Work item:
For the data below, give again exactly the lines from the one containing "Used 2023 Chevrolet" through the one containing "3105 Vicksburg Street", both ends included, and no others.

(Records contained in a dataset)
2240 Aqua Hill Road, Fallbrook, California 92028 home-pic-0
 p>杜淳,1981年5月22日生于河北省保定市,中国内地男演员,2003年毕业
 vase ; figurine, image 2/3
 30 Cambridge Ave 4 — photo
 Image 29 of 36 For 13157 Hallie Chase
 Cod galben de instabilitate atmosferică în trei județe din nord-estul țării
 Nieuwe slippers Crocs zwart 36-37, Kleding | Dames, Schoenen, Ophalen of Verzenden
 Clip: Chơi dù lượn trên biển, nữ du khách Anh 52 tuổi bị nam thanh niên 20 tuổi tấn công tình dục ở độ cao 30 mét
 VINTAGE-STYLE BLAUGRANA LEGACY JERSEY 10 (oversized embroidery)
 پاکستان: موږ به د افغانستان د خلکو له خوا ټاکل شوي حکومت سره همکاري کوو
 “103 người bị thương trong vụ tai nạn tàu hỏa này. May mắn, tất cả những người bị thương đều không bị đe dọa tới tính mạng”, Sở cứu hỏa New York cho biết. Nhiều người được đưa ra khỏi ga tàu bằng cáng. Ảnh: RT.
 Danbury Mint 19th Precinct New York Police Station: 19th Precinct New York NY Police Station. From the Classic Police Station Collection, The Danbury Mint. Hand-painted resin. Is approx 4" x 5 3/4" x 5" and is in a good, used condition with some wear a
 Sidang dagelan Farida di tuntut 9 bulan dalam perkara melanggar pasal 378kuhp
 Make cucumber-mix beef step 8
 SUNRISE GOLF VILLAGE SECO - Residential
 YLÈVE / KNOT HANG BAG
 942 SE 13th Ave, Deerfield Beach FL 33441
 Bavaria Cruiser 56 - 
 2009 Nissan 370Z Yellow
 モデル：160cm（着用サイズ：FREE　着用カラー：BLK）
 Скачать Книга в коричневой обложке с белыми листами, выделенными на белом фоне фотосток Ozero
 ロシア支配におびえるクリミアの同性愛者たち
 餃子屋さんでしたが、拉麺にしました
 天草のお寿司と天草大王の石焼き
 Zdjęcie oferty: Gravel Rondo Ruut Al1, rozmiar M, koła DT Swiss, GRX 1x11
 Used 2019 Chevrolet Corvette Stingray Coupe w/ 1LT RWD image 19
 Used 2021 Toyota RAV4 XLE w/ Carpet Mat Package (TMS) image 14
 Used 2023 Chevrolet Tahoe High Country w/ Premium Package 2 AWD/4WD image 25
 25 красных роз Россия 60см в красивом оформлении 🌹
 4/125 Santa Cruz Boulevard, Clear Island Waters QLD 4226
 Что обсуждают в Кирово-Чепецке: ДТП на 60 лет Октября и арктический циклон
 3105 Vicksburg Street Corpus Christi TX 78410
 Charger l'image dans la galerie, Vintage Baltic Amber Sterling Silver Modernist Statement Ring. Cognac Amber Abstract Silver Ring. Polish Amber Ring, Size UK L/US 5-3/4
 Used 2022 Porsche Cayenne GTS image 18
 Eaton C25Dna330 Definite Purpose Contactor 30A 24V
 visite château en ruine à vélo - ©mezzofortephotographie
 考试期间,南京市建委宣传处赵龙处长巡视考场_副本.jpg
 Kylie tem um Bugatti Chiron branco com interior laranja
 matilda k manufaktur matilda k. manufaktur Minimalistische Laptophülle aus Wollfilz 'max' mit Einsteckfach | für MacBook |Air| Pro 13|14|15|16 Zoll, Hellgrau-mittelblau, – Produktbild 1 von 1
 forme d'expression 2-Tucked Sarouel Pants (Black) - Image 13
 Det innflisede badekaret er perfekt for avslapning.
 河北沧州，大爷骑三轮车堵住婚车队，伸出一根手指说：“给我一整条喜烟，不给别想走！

Result below:
 Used 2023 Chevrolet Tahoe High Country w/ Premium Package 2 AWD/4WD image 25
 25 красных роз Россия 60см в красивом оформлении 🌹
 4/125 Santa Cruz Boulevard, Clear Island Waters QLD 4226
 Что обсуждают в Кирово-Чепецке: ДТП на 60 лет Октября и арктический циклон
 3105 Vicksburg Street Corpus Christi TX 78410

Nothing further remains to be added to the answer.